● **Your instructions**
Set down a true copy of the data, with all pictures left out.

● **Supplied material**
Start of Block

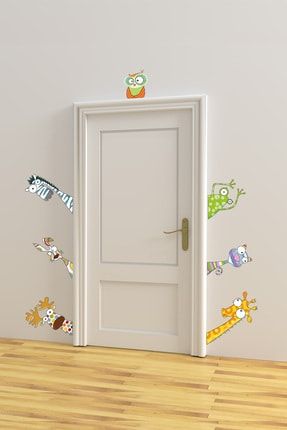 Sevimli Kapı Arkadaşlarım Çocuk Odası Kapı Yanı Duvar Sticker CS-928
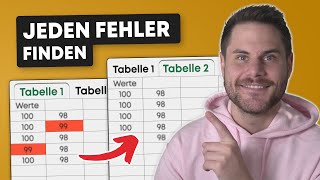 Zwei Tabellen VERGLEICHEN und Unterschiede finden in Excel [upl. by Gertrude494]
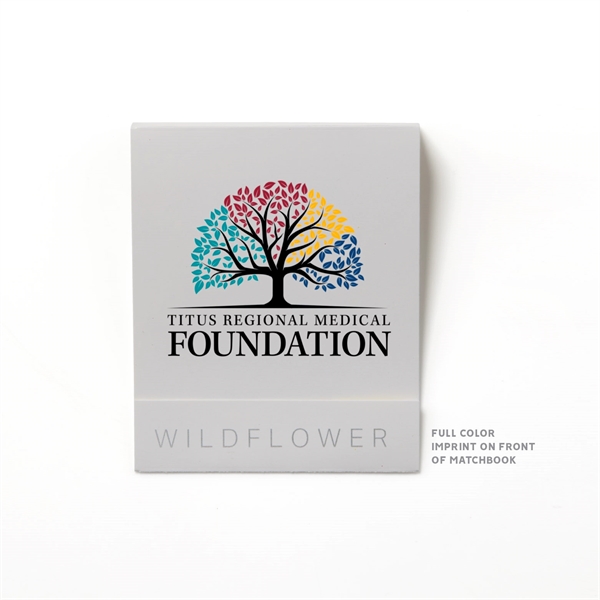 2.8" x 3.25" Blue Garden of Hope matchbook shaped holder with... from ASI 63549 Jornik Manufacturing Corp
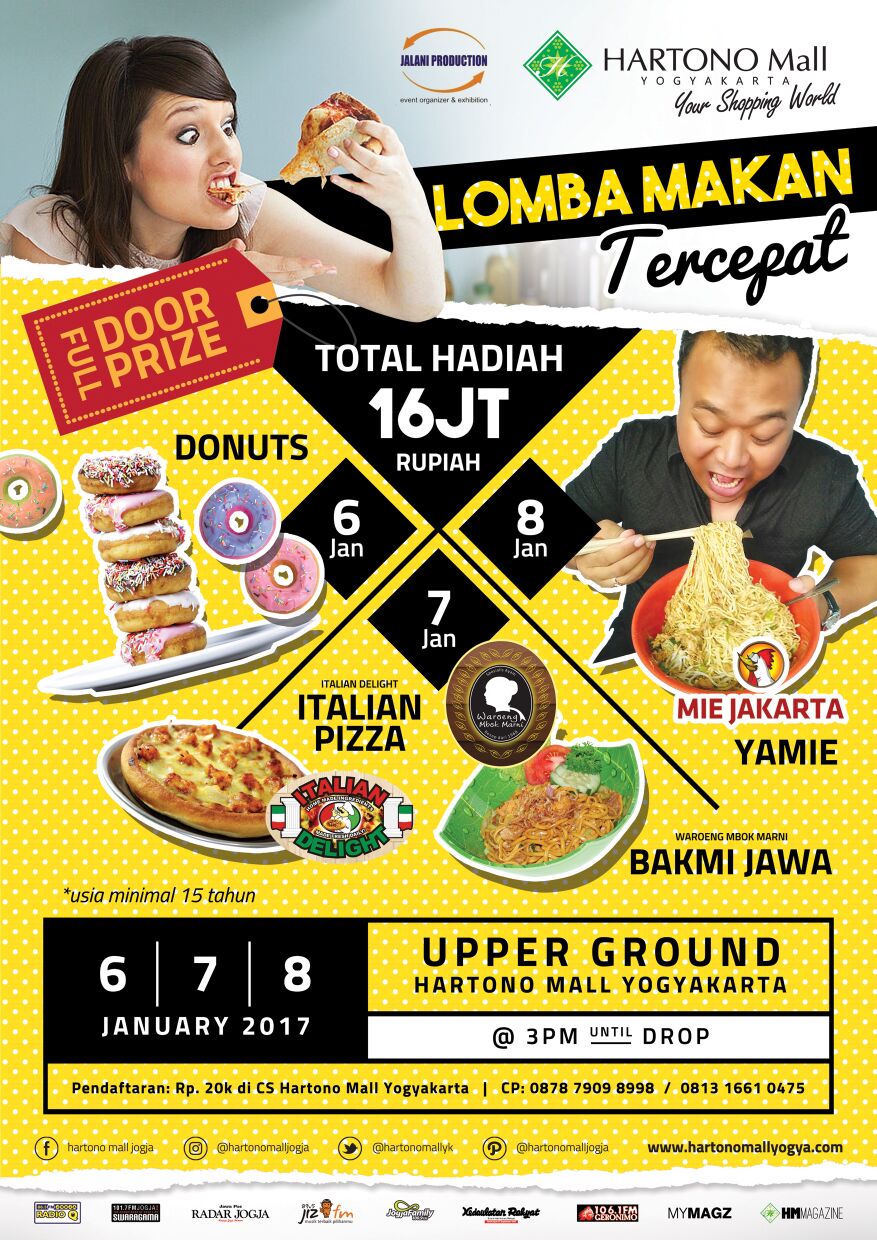 Lomba Makan Tercepat - Hartono Mall Jogja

End of Block

● **Your solution**
 Sevimli Kapı Arkadaşlarım Çocuk Odası Kapı Yanı Duvar Sticker CS-928
 Zwei Tabellen VERGLEICHEN und Unterschiede finden in Excel [upl. by Gertrude494]
 2.8" x 3.25" Blue Garden of Hope matchbook shaped holder with... from ASI 63549 Jornik Manufacturing Corp
 Lomba Makan Tercepat - Hartono Mall Jogja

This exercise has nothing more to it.